▶ Excerpted records:
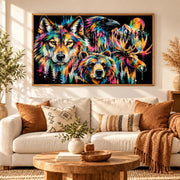 Colorful wilderness wall print displayed over a cozy couch, featuring layered forest animals, mountains, and bright abstract brushwork.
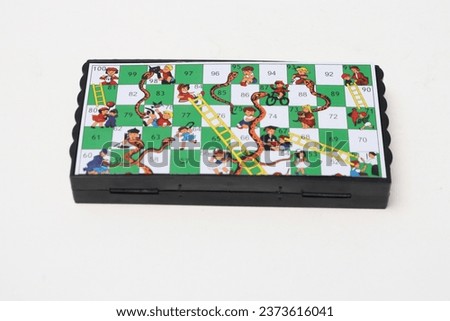 Children's games, snakes and ladders, board games. Team building games concept.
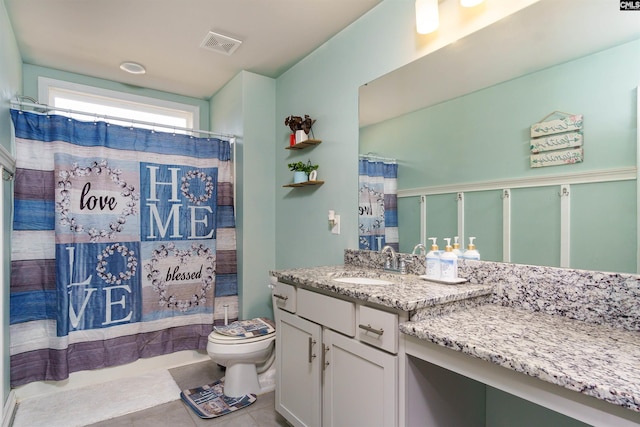 bathroom featuring vanity, a shower with curtain, tile patterned floors, and toilet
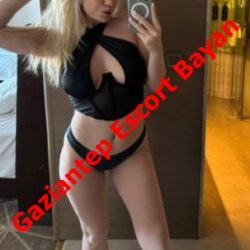 Mirror selfie of a woman in black lingerie posing in a hotel room, with a bold diagonal red text overlay reading 'Gaziantep Escort Bayan' across the image.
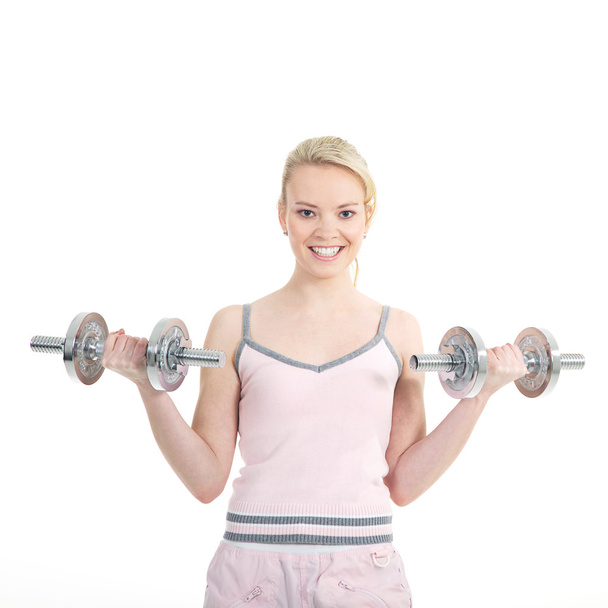 Fitness woman working out with dumbbell - Zdjęcie, obraz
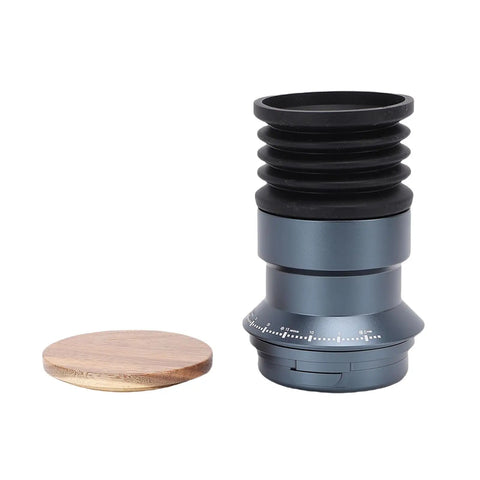 Crush Your Daily Brew Routine With This Straight Fire Manual Coffee Grinder Featuring A Rich Walnut Wood Lid And Nifty Silicone Bellow Blower For Zero Waste Single Dose Grinding At Home, showing gray aluminum body and walnut wood lid.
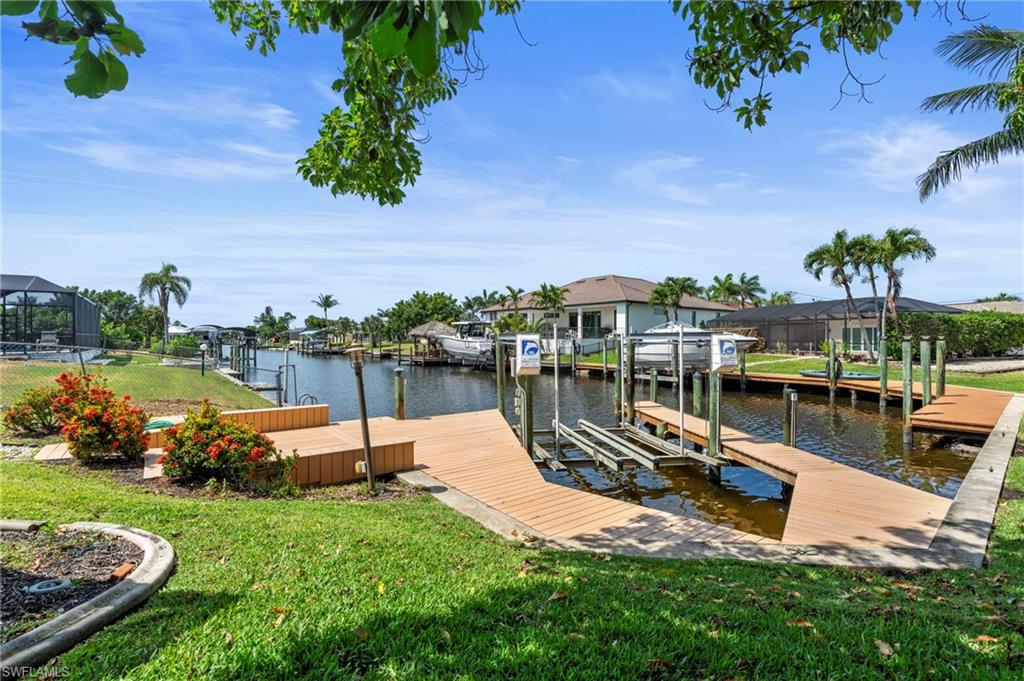Dock with boat lift, a yard, a water view, and a residential view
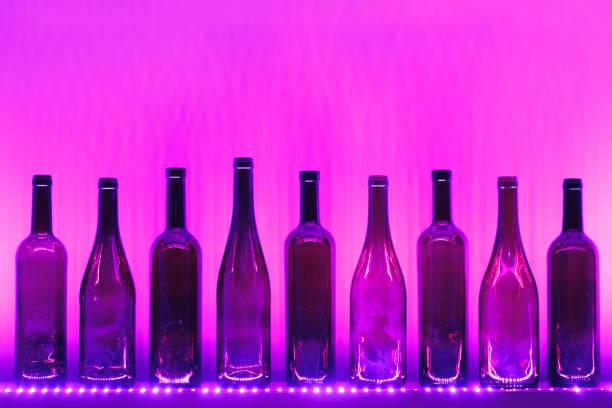 abstract empty wine bottles with purple led illumination
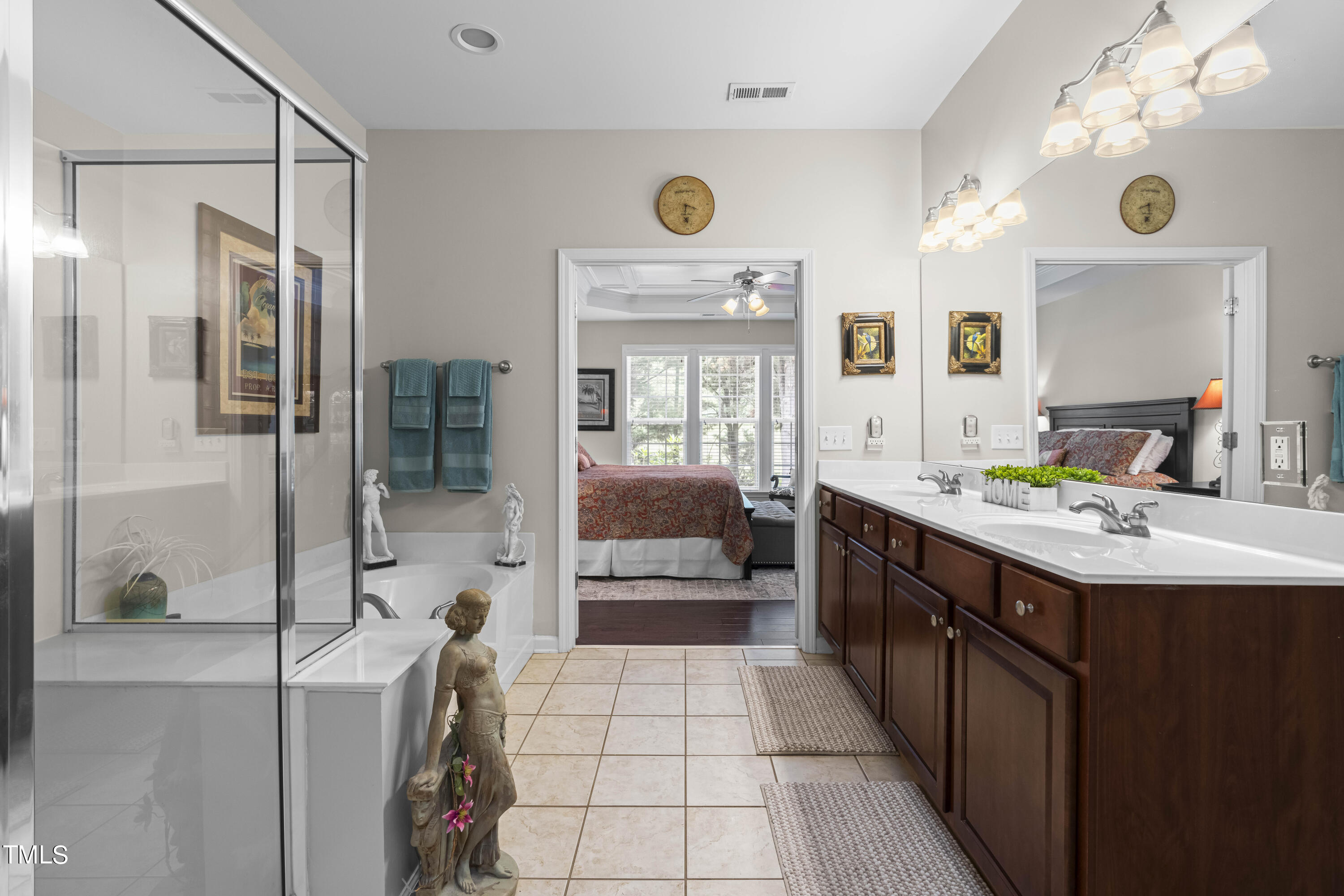 4604 Manassa Pope Lane Raleigh, NC 27612 - Photo 21 of 43 a spacious bathroom with a double vanity sink a large mirror and a shower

▶ Task to carry out:
From the first record above to the last, output each one exactly and omit the pictures.

▶ Solution for this problem:
 Colorful wilderness wall print displayed over a cozy couch, featuring layered forest animals, mountains, and bright abstract brushwork.
 Children's games, snakes and ladders, board games. Team building games concept.
 bathroom featuring vanity, a shower with curtain, tile patterned floors, and toilet
 Mirror selfie of a woman in black lingerie posing in a hotel room, with a bold diagonal red text overlay reading 'Gaziantep Escort Bayan' across the image.
 Fitness woman working out with dumbbell - Zdjęcie, obraz
 Crush Your Daily Brew Routine With This Straight Fire Manual Coffee Grinder Featuring A Rich Walnut Wood Lid And Nifty Silicone Bellow Blower For Zero Waste Single Dose Grinding At Home, showing gray aluminum body and walnut wood lid.
Dock with boat lift, a yard, a water view, and a residential view
 abstract empty wine bottles with purple led illumination
 4604 Manassa Pope Lane Raleigh, NC 27612 - Photo 21 of 43 a spacious bathroom with a double vanity sink a large mirror and a shower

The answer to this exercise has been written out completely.